En conclusion : à quelles nouveautés ou conversions sommes-nous invités ?
Cette nouvelle Ratio met l’accent sur une formation « unique » qui s’enracine dans la vie baptismale et qui est vécue en plusieurs étapes, la plus longue étant celle de la formation permanente et continue. Cette formation est intégrale dans un double sens : elle dure toute la vie et elle comprend les quatre piliers de la formation (humaine, spirituelle, intellectuelle et pastorale). Cette formation est intégrative dans le sens où des critères objectifs balisent la progression et sont à vérifier pour passer à l’étape suivante. Cette nouvelle façon de faire relativise les automatismes de passages qui étaient liés à la formation intellectuelle.

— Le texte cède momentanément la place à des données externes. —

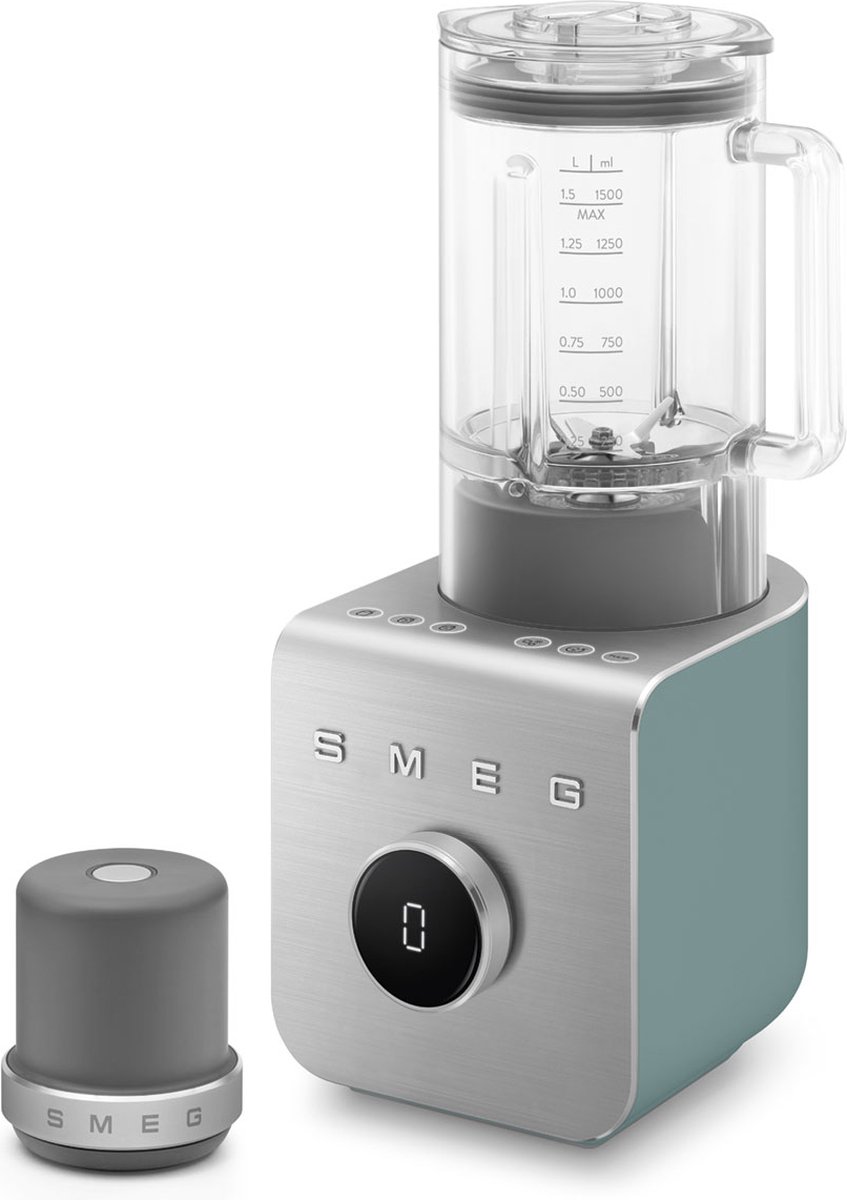 SMEG BLC02EGMEU - High Performance Blender - 1400W - Emerald Green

La mise en place d’une pédagogie du seuil entre les cinq étapes : propédeutique, premier cycle – disciple missionnaire, second cycle – configuration, synthèse vocationnelle, formation permanente et continue. Importance d’une communauté de formateurs vivant avec les séminaristes. Par étapes, l’échéance de 2019 semble pour une rédaction de la Ratio nationalis.